Wie lassen sich Übergewinne der Energieriesen für die Allgemeinheit nutzen?

Foto: Imago

Herbert Houf, Präsident der Kammer der Steuerberater und Wirtschaftsprüfer (KSW), hat Ratschläge für die Steuer- und Energiepolitik.

Vor zwei Jahren ist Herbert Houf dem langjährigen Präsidenten der Kammer der Steuerberater und Wirtschaftsprüfer (KSW), Klaus Hübner, nachgefolgt. Am Rande des Europäischen Forums Alpbach nimmt er zu steuerlichen Aspekten der Energie- und Teuerungskrise und den jüngsten Schlagzeilen rund um Beraterhonorare Stellung.

STANDARD: Gibt es aus Ihrer Sicht einen intelligenten Weg, die Übergewinne der Energiekonzerne der Allgemeinheit zukommen zu lassen? Was halten Sie von den Rufen nach einer Sondersteuer für Verbund und Co?

Houf: Die Frage ist, was Unternehmen in der Krise für das Gemeinwohl leisten sollen. Die Forderung nach einem höheren Beitrag ist moralisch nachvollziehbar, aber man sollte bei der Wahl der Methode sorgsam vorgehen. Die Einführung neuer Steuern halte ich nicht für sinnvoll. Wenn wir für 2022 eine Übergewinnsteuer einführen, dann werden Gewinne rückwirkend versteuert, die schon entstanden sind, und das sollte man typischerweise nicht tun. Aber die angesprochenen Unternehmen sind großteils in öffentlicher Hand. Es liegt an der Entscheidung der Hauptversammlung, eine Sonderdividende auszuschütten. Und man sollte über die Preisbildungsmechanismen für Energie nachdenken, die dazu führen, dass auch Strom aus Wasserkraft massiv teurer wird.

STANDARD: Aber von einer Ausschüttung profitieren dann auch die privaten Aktionäre. Ist das besser?

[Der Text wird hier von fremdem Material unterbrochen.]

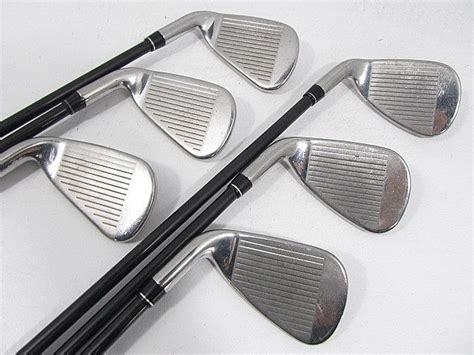 X2 HOT アイアン 2014 日本仕様 X2 HOT 59 P 選択なし R キャロウェイ 784 中古ゴルフクラブ通販 ゴルフエース GOLF ACE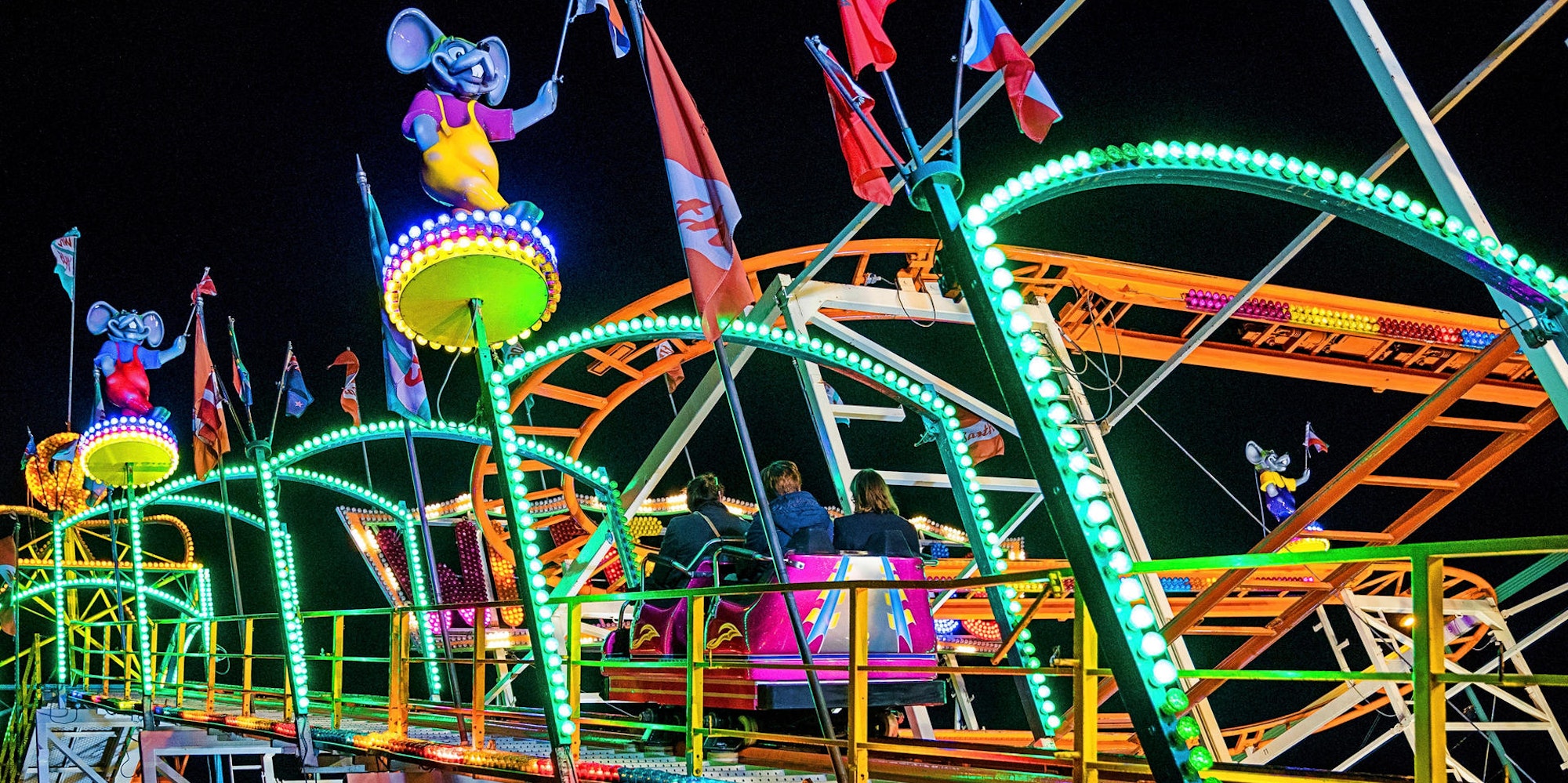 kirmes-wilde-maus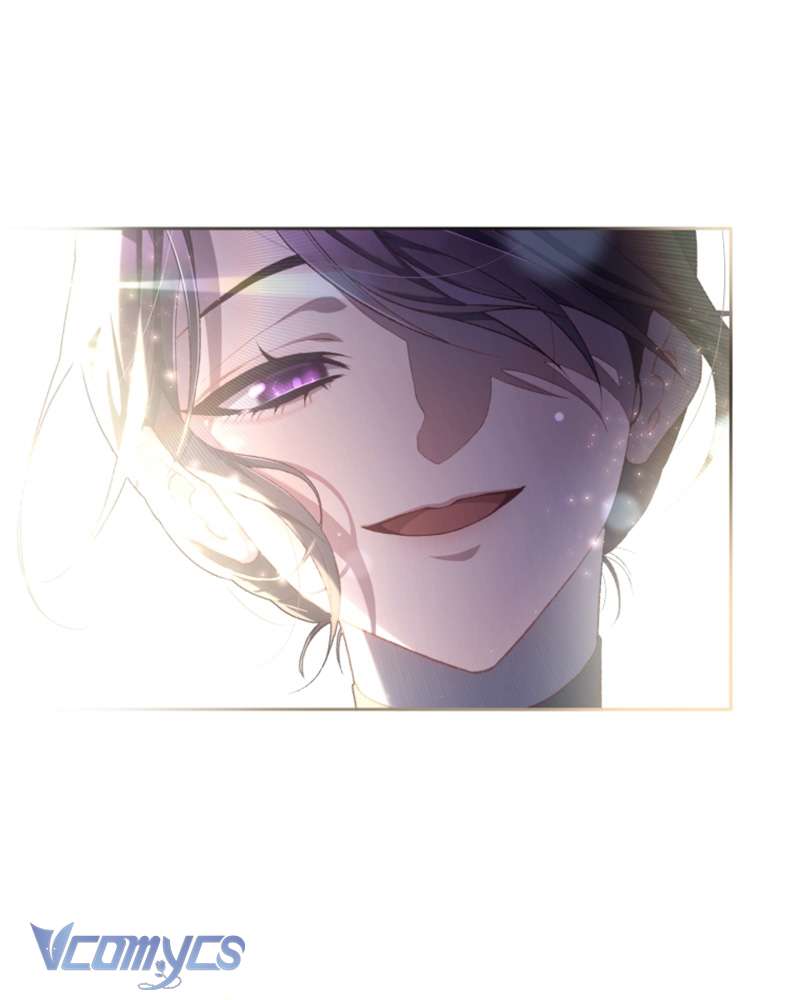 [Sứa Biển] Em Trai Tôi Là Hoàng Đế Ngang Ngược Chap 92 - Trang 2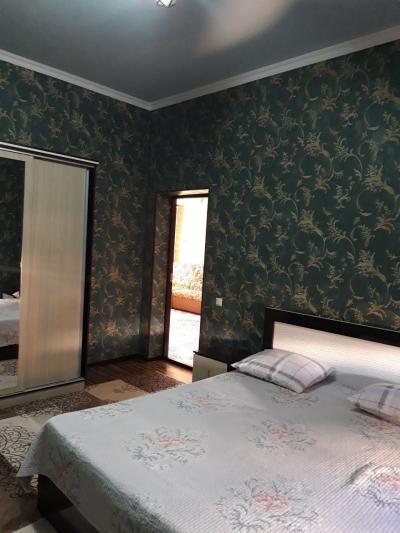 ID 012. Жамол - сдается в аренду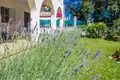 Haus 13 Schlafzimmer 681 m² Gespanschaft Küstenland-Bergland, Kroatien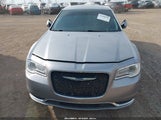 CHRYSLER 300 LIMITED 2C3CCAAG1FH931721 снимка
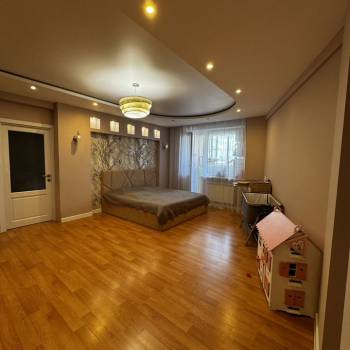 Продается 2-х комнатная квартира, 88,8 м²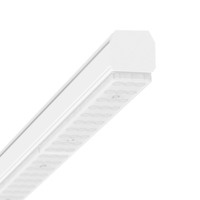 REGIOLUX SDGVOG/1500 LED 7700 SDGVOG 7700-4600 840 ED MULTI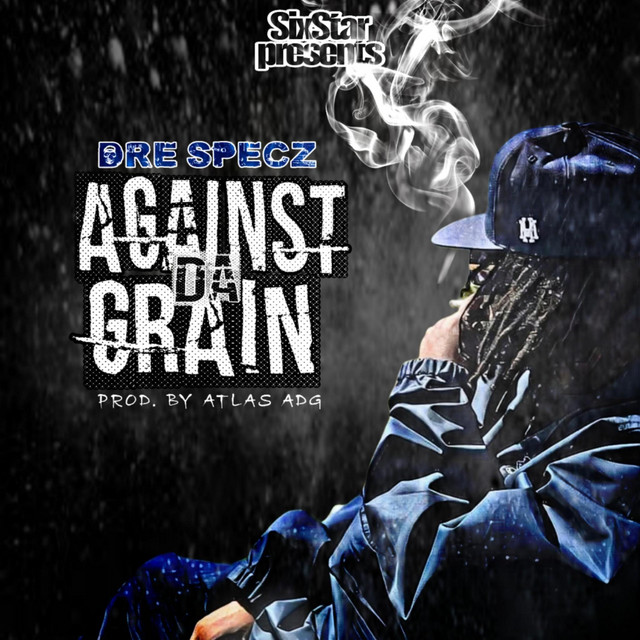 Dre Specz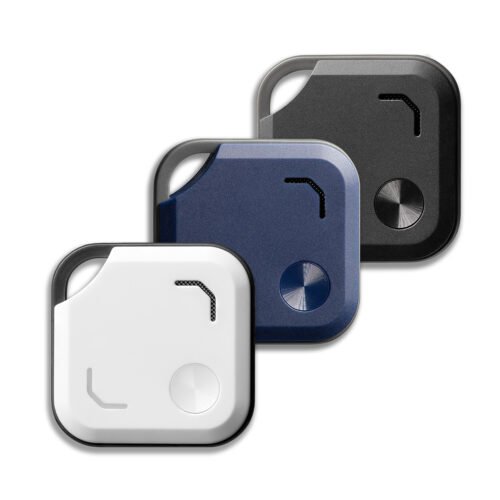 129377_1 VibeTag Bluetooth Tracker
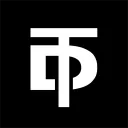ToneDeck Community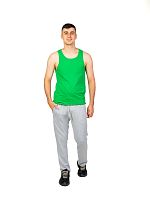 Майка мужская Х/Б 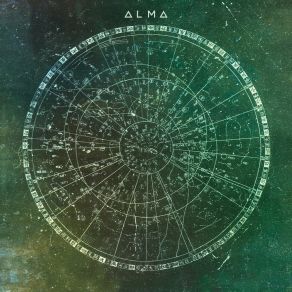 Download track Alma Vlmv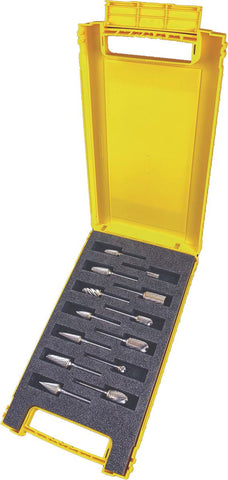 DV_ZoomOriginal_I_93309_large.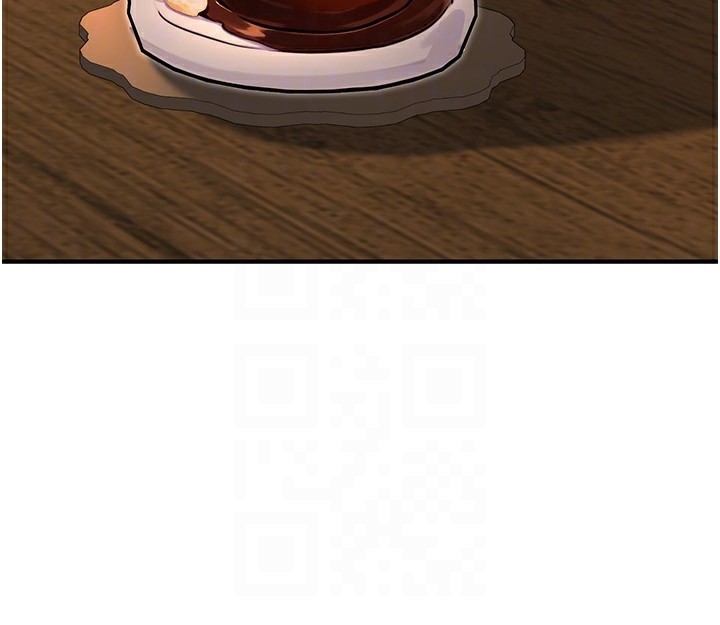 166.jpg
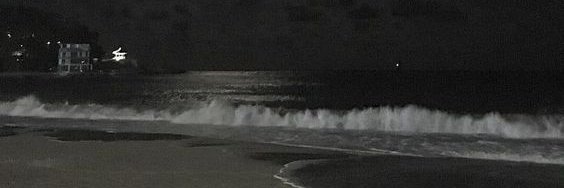 swsw's profile banner image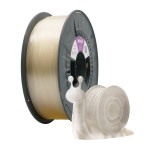 WINKLE PLA HD Filament Transparent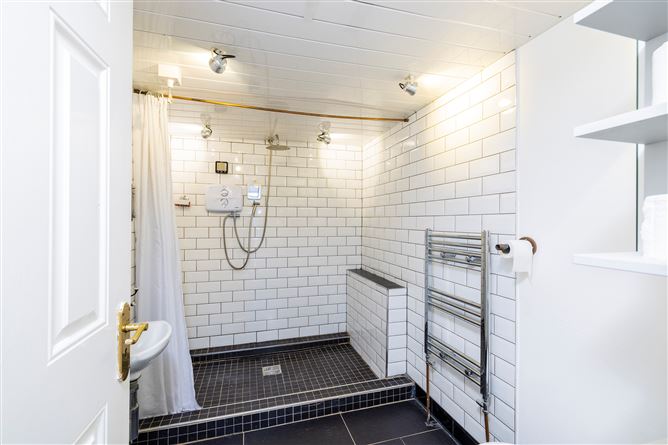 58 Crumlin Road , Crumlin, Dublin 12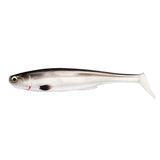 Irukandji SICARIO 100mm Lure
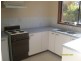 20 Tattersall Crescent, Florey ACT 2615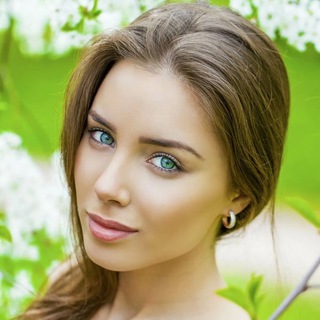 Канал   Психология LIVE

Houf: Aktionäre gehen immer ein Risiko ein, das abgegolten werden muss. Es ersetzt ihnen ja auch niemand einen Kursverlust, wenn sie von einer Krise getroffen werden.

STANDARD: Und was halten Sie von einer Senkung der Mehrwertsteuer auf Energie, Sprit oder Grundnahrungsmittel, um die Inflationsrate zu senken? Andere Länder haben das getan.

Houf: Davon halte ich gar nichts. Es ist noch nicht klar, wie sich diese Inflation längerfristig auswirken wird. Im Moment muss es darum gehen, die sozial am meisten benachteiligten Gruppen bestmöglich vor Notsituationen zu bewahren. Das ist wichtiger als die Inflationsstatistik. Wenn ich die Mehrwertsteuer auf Brot senke, nützt das auch den Leuten, die es sich leisten können.

STANDARD: Angesichts der Teuerung gerät der Klimaschutz unter die Räder. Was sollte die Regierung aus steuerlicher Sicht tun?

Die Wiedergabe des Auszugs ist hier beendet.